* **EXERCISE**
Once you find the line that contains "50ml to 1000ml", write out that line and every line after it to the end of the records, exactly and with nothing else.

* **AVAILABLE DATA**
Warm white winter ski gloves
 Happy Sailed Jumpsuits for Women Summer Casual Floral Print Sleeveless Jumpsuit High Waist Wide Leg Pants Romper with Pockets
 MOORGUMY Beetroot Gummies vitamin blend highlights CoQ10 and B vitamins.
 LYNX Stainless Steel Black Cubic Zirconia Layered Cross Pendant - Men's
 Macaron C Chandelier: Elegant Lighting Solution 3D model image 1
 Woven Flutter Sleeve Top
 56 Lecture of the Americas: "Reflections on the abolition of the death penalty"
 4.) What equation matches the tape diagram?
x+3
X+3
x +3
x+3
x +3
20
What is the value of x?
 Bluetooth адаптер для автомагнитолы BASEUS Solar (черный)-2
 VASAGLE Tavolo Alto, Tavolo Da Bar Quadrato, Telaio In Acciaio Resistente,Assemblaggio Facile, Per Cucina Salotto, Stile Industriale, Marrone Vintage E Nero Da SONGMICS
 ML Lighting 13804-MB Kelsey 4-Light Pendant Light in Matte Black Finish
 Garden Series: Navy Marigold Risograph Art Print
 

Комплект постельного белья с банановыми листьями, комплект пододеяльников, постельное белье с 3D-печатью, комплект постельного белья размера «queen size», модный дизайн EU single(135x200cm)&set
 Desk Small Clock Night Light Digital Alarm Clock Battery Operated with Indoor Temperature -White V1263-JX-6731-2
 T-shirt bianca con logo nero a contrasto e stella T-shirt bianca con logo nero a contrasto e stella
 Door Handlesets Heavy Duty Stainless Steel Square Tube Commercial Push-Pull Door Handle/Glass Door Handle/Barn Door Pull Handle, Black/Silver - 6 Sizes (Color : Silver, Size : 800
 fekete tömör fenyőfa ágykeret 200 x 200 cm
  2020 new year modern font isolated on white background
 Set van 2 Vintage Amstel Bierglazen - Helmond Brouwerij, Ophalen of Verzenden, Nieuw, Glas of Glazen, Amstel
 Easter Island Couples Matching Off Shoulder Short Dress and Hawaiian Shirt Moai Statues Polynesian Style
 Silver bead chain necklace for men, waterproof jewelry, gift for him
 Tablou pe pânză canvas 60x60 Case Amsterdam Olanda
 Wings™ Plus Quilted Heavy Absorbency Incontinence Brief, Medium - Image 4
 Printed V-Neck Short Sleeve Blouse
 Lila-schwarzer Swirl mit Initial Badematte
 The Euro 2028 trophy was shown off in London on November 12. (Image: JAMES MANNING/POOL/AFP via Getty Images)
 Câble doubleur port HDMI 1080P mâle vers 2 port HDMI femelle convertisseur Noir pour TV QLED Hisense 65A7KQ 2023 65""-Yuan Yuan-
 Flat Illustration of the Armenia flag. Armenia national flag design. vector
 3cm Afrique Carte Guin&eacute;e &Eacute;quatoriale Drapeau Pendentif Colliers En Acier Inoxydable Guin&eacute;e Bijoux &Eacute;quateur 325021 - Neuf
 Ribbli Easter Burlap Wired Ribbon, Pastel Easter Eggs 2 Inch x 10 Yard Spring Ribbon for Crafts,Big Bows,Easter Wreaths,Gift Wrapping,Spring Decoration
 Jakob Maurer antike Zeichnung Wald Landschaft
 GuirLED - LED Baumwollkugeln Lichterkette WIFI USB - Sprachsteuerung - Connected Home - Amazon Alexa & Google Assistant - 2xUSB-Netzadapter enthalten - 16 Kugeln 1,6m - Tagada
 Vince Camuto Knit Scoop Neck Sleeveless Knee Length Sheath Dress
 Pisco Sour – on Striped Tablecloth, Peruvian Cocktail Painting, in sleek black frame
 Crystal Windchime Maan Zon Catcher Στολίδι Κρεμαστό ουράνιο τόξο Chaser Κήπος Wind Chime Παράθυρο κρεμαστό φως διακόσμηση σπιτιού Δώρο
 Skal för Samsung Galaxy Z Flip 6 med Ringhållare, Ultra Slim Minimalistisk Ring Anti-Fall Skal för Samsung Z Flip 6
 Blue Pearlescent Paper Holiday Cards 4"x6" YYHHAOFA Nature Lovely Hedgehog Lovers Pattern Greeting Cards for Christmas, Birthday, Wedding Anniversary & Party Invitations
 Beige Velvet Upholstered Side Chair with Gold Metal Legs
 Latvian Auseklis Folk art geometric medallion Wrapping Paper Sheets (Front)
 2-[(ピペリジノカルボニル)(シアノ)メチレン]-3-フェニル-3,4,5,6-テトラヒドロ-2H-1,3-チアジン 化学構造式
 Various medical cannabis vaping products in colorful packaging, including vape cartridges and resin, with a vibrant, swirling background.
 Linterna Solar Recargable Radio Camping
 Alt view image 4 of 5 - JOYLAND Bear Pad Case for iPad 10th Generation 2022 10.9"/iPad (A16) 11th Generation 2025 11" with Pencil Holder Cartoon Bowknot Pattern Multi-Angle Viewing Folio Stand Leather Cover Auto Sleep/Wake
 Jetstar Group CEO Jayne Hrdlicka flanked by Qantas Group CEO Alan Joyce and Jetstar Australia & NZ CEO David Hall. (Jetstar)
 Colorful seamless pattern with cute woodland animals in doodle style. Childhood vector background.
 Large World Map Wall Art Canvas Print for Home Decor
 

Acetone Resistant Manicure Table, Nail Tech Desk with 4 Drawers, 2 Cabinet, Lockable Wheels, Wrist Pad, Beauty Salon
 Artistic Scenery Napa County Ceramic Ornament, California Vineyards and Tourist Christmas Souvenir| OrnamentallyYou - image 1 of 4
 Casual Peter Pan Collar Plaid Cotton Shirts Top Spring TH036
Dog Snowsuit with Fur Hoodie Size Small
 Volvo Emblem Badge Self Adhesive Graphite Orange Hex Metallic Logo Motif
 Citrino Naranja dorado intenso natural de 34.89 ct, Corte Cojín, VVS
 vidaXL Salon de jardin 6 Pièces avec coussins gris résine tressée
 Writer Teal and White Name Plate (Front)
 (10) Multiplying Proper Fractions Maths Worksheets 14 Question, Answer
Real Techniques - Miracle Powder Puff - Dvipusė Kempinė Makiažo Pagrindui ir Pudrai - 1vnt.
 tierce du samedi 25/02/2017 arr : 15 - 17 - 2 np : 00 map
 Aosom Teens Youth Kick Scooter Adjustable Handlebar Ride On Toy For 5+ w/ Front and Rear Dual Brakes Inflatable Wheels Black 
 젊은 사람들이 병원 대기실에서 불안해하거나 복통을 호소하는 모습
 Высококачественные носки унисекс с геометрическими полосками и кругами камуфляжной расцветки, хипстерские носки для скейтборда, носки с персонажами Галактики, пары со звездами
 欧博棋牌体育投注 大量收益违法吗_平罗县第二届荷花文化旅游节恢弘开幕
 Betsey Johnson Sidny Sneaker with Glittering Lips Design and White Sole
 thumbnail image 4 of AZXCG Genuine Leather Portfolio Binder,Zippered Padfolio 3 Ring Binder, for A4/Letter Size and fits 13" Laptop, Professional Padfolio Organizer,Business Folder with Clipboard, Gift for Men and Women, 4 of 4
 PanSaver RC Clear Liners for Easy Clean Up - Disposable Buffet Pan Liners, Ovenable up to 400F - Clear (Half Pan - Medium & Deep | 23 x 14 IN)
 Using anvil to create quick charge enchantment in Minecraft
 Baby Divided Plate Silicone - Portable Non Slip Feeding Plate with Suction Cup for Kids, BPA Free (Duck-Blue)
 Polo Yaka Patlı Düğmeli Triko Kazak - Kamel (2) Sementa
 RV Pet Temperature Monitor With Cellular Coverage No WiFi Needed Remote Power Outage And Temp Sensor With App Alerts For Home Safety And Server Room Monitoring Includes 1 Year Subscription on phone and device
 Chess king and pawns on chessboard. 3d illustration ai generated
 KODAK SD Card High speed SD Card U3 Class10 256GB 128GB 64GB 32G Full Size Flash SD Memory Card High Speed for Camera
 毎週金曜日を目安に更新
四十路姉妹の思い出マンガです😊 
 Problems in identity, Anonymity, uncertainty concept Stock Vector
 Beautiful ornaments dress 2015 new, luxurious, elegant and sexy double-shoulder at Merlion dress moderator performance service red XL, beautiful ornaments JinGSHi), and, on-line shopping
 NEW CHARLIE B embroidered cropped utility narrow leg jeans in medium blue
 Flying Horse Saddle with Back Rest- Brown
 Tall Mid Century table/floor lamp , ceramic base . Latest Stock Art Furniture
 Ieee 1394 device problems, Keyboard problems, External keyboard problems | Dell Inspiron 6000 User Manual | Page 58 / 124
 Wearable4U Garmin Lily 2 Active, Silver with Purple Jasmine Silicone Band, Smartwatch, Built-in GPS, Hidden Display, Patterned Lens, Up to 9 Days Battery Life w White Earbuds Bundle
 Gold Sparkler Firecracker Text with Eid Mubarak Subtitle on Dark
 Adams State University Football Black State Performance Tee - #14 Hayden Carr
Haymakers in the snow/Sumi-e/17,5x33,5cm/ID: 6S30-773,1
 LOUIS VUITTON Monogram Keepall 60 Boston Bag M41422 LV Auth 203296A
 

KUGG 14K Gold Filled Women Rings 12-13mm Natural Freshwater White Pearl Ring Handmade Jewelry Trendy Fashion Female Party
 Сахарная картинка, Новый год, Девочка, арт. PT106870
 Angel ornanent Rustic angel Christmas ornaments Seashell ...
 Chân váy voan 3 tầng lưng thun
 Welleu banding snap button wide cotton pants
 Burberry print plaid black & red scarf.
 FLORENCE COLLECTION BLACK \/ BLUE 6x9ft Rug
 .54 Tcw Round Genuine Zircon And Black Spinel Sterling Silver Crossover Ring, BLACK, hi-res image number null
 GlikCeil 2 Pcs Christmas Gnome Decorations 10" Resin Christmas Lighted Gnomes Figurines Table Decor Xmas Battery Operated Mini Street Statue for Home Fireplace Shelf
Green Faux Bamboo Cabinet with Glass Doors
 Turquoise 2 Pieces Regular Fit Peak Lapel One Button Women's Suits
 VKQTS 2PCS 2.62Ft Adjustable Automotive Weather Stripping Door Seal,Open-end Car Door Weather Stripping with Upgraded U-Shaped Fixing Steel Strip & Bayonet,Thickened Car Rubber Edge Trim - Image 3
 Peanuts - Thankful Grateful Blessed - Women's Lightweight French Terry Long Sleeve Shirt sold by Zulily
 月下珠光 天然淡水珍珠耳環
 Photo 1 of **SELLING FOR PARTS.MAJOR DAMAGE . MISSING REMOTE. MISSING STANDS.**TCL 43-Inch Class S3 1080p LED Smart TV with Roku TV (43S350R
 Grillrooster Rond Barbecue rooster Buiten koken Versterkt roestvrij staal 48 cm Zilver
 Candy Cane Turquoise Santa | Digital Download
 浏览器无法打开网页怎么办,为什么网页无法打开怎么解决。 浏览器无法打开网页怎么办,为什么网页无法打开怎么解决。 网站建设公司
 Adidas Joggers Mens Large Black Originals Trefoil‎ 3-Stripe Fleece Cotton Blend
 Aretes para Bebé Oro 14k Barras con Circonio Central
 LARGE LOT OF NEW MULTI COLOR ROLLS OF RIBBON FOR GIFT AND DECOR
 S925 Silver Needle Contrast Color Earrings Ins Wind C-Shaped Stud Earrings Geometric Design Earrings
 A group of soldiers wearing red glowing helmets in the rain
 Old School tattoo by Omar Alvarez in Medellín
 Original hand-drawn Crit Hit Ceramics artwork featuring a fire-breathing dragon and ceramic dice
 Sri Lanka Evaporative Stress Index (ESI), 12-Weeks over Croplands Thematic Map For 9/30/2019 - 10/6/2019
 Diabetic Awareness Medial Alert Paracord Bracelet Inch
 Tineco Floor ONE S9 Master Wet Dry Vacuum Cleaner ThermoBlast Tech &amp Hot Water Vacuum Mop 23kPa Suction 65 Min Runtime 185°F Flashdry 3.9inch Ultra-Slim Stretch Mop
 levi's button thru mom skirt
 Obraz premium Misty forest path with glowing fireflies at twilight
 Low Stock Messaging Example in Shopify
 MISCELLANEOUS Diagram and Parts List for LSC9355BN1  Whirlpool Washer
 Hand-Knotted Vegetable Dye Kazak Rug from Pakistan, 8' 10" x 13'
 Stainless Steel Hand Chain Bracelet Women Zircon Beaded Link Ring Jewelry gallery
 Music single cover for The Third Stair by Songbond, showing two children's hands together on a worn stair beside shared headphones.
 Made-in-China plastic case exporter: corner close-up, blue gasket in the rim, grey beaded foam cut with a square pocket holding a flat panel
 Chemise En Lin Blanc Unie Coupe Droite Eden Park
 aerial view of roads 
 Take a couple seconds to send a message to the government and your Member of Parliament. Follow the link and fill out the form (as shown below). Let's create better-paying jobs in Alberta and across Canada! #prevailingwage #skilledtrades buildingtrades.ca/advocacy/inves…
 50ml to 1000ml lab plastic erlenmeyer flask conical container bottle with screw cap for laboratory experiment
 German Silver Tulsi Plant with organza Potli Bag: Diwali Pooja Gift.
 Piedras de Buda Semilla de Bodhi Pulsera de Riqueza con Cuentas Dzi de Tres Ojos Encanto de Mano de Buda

* **YOUR SOLUTION**
 50ml to 1000ml lab plastic erlenmeyer flask conical container bottle with screw cap for laboratory experiment
 German Silver Tulsi Plant with organza Potli Bag: Diwali Pooja Gift.
 Piedras de Buda Semilla de Bodhi Pulsera de Riqueza con Cuentas Dzi de Tres Ojos Encanto de Mano de Buda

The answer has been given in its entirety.